Ddc1 forms multiple nuclear foci following cdc13-1-induced and cdc9-1-induced DNA damage. Log phase cultures of cdc13-1 DDC1–GFP and cdc9-1 DDC1–GFP cells were shifted to 34°C and 36°C, respectively, and visualized after 2 h. Also shown are asynchronously growing wild-type control cells containing DDC1–GFP alone after shift to 34°C for 2 h.
Ddc1 requires Rad24, Rad17, and Mec3 for damage-inducible localization. cdc13-1 DDC1–GFP cells deleted for RAD17, MEC3, RAD24, MEC1, DDC2, RAD53, or RAD9 were raised to 34°C for 2 h before visualization of GFP. Single focal planes for each sample are shown.
Localization of other checkpoint proteins fused to GFP in cdc13-1-damaged cells. GFP fusions generated for Rad53, Rad9, and Ddc2 were expressed under the endogenous promotor for each protein in cdc13-1 cells. Log phase cultures were shifted to 34°C for 2 h before visualization of GFP fusions. Arrowheads indicate the presence of occasional faint foci in cells expressing Rad53–GFP and Rad9–GFP.

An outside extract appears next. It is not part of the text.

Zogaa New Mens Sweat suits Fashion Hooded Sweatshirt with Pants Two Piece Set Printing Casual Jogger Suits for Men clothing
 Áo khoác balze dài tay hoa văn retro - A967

Ddc2–GFP forms a single focus in HO break-induced cells. (a) Fraction of cells containing Ddc2–GFP foci as a time course of HO induction. Data combined from all focal planes within a field. (b) Visualization of Ddc2–GFP foci following an HO break. HO endonuclease was induced in cells as described in Figure 1. Cells grown in glucose to repress HO expression are presented as the t = 0 time point. A representative focal plane for 0, 3, 6, 12, and 16 h after HO induction is shown. (c) Chromatin immunoprecipation of Ddc2–GFP at an HO break site. The t = 0 represents cells grown in glucose to repress HO induction. Cells collected at each indicated time point were fixed and analyzed by chromatin IP. Ddc2–GFP and cross-linked DNA were immunoprecipitated using affinity-purified anti-GFP antibodies. After reversal of cross-linking and DNA purification, PCR was performed using HO-2 primers directed to unique DNA sequence 0.4 kb from the HO cleavage site. Primers to amplify unlinked TUB1 sequence were used as an internal control in each PCR reaction. Input DNA was isolated from fixed cells at each time point before immunoprecipitation, and treated in parallel with IP samples in preparation for PCR. Control strains deleted for DDC1 or MEC1 or lacking a Ddc2–GFP tag were grown and harvested at the 7-h time point and treated in parallel to the wild-type Ddc2–GFP strain. (d) The HO-2 and TUB1 bands in c were quantitated and the ratio of HO-2:TUB1 band intensities calculated for each IP and input DNA sample. Fold enrichment was calculated as the ratio of HO-2:TUB1 in the IP samples to its respective input DNA control and graphed as shown.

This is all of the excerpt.